I remember reading some story way back with some ... Sony exec? Someone saying t...

corysama · on Feb 24, 2021

I bet they were writing Vector Unit assembly in Excel. The VLIW design meant that you literally packed 2 assembly instructions together into a 64-bit word. Each side had it's own subset of execution units it could utilize and would have it's own separate latency for each operation. So, to keep track of everything going on you pretty much had to write out two columns of code containing your own no-op notation to represent the delay cycles between instructions. That would be much more convenient to do in Excel than in a linear text editor.

monocasa · on Feb 24, 2021

The N64 RSP is similar. I've been playing with a N64 RSP assembler that'll understand how instructions can dual issue, and give warnings when two instructions on the same line can't dual issue, so I can for sure see myself using excel back in the day to help manage the complexity.

danbolt · on Feb 24, 2021

Is that the bass assembler, or something else? I've been playing around with the default assembler setup in libdragon, but I'd be curious about trying something more intuitive.

monocasa · on Feb 26, 2021

It's an assembler I'm writing as a Rust proc_macro. Lets you do fun stuff like share constants between Rust running on the main CPU and the RSP, and handles some runtime code generation pretty nicely

danbolt · on Feb 26, 2021

Not to pry too much, but I'd love to learn more about it. Is there a chance you have it on Git(ea/Lab/Hub/etc.) somewhere?

Threeve303 · on Feb 24, 2021

Hopefully the Vector Unit assembly didn't require more than 16,384 lines of code if they were using Excel 95.

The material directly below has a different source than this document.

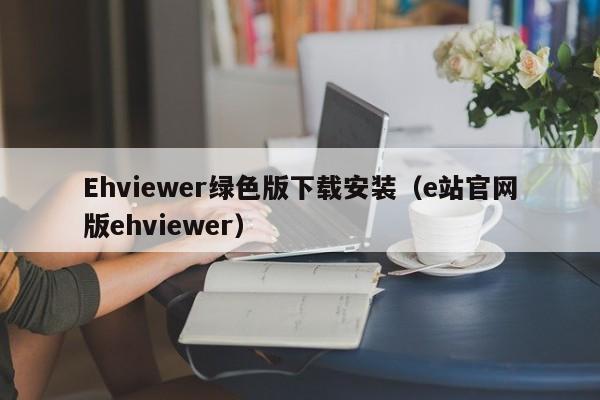 Ehviewer绿色版下载安装(e站官网版ehviewer)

monocasa · on Feb 24, 2021

The bigger VU only had 16k of of memory so that's not an issue, lol.

p_l · on Feb 24, 2021

The story I heard was of a very, very heavily macro-based excel sheet that would automatically highlight possible problems including pipeline stalls in one of the VLIW units.

Been looking for confirmation or just a screenshot of that monster since :D

phire · on Feb 24, 2021

I found a comment from me speculating on how such a spreadsheet be set-up: https://news.ycombinator.com/item?id=12294472

I can't find any evidence of actual spreadsheets. They probably would have been setup by each programmer for their liking and maybe shared between programmers on the private sony sdk message board.

Or maybe I have an overactive imagination.

But I have heard is that the leaked Playstation 2 SDK from 2005 does contain a windows program called "VUEditor.exe". It's a custom IDE for writing VU assembly and it kind of acts more like a spreadsheet than a text editor, allowing the programmer to shift highlighted columns of instructions up and down.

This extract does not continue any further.